• Basically, science is about exploring and understanding the natural world through observation and experimentation. Diverse and infinite realities exist, both within and outside the reach of normal senses; and, it is through science that humans can learn about them to enhance their well-being.
• Science is not a fixed set of facts. It is an ever-changing flux; always open to new theories, explanations, and discoveries, which from time to time get changed, corrected, or disproven with up-to-date and more reliable theories replacing the old. The truth in science is never final.
• Just because science can explain many various unknown issues does not mean that it can explain everything. There are matters of morality, meaning, and purpose that lie outside the scope of science.
• Right and wrong do not come from physics, chemistry, or biology. Science does not instruct us how to treat one’s neighbor as oneself, how to clothe the naked and feed the hungry, or why it is wrong to murder, steal, bear false witness, or hurt others? Science is totally silent about all these topics.

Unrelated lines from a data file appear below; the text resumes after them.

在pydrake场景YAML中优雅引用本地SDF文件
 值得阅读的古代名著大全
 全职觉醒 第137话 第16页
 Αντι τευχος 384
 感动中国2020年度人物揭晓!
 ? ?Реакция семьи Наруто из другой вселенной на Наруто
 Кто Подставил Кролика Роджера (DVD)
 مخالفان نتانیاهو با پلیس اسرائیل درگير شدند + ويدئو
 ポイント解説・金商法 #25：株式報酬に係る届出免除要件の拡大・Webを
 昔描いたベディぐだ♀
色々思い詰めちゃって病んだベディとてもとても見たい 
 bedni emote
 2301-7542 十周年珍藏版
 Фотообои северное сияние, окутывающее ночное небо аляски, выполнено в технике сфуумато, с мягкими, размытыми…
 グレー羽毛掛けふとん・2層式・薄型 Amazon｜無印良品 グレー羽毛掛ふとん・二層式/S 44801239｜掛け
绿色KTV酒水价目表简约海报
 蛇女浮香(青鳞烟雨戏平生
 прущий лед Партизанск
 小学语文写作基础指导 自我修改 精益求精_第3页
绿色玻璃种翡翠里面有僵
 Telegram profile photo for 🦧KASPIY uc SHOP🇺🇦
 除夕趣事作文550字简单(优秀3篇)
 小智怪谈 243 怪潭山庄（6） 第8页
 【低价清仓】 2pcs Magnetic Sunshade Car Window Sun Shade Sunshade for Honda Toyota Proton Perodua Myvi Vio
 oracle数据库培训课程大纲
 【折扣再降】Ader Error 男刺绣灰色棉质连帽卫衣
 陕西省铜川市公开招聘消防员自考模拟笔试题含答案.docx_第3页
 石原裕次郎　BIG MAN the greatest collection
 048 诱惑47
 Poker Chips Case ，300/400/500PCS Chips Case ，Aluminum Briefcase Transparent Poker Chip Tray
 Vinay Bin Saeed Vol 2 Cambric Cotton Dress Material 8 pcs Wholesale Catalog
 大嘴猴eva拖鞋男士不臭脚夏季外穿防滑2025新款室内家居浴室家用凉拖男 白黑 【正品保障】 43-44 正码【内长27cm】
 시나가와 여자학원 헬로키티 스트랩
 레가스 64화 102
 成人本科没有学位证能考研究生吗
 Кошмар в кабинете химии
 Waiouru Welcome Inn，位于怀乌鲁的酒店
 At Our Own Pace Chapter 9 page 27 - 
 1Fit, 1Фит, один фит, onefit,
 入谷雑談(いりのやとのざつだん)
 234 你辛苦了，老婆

“I am very astonished that the scientific picture of the real world around me is very deficient. It gives us a lot of factual information, puts all our experience in a magnificently consistent order, but it is ghastly silent about all and sundry that is really near to our heart, that really matters to us. It cannot tell us a word about red and blue, bitter and sweet, physical pain and physical delight; it knows nothing of beautiful and ugly, good or bad, God and eternity.” - Nobel Laureate, quantum physicist Erwin Schrödinger.
Collaboration rather than conflict
1. In Islam, conflict between science and religion is inconceivable. Religion comes from God and so does the universe, with all its laws and phenomena. True religion and accurate science, therefore, cannot contradict each other because their source is one and the same — God. They are components of one mission: explaining truth; religion through divine revelation, and science through investigation and evidence.
2. Islam emerges from the very first revealed Qur’anic word, the command, “Read,” as essentially a religion of knowledge in which growing in faith as well as understanding is what lifts up a human. The Qur’an specifically states:
“God will exalt in degree those of you who believe, and those who have been given knowledge.”
3. In the whole Qur’an, the only supplication for increase is:
“Say, ‘My Lord! Increase me in knowledge.’”
Throughout the Book, humankind is urged over and over to observe and reflect on creation. Thus, knowledge according to the purpose and essence of Islam is not only a matter of encouragement, but obligation. Prophet Muhammad (peace be upon him) said,
“Seeking knowledge is a duty for every Muslim (man or woman).”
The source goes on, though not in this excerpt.